*** Information given ***
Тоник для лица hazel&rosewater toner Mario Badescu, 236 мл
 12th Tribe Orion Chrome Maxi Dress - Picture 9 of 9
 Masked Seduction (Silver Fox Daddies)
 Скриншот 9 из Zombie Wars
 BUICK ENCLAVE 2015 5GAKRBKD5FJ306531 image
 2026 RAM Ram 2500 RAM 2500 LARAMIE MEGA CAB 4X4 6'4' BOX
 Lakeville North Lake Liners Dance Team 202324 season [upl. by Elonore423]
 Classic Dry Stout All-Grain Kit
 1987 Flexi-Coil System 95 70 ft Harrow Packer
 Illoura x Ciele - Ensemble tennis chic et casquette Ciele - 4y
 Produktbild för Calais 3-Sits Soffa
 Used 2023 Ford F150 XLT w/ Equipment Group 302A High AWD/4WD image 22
***
> _Your objective_: Your reply should be every line of the material, transcribed exactly.

> _Problem solution_:
Тоник для лица hazel&rosewater toner Mario Badescu, 236 мл
 12th Tribe Orion Chrome Maxi Dress - Picture 9 of 9
 Masked Seduction (Silver Fox Daddies)
 Скриншот 9 из Zombie Wars
 BUICK ENCLAVE 2015 5GAKRBKD5FJ306531 image
 2026 RAM Ram 2500 RAM 2500 LARAMIE MEGA CAB 4X4 6'4' BOX
 Lakeville North Lake Liners Dance Team 202324 season [upl. by Elonore423]
 Classic Dry Stout All-Grain Kit
 1987 Flexi-Coil System 95 70 ft Harrow Packer
 Illoura x Ciele - Ensemble tennis chic et casquette Ciele - 4y
 Produktbild för Calais 3-Sits Soffa
 Used 2023 Ford F150 XLT w/ Equipment Group 302A High AWD/4WD image 22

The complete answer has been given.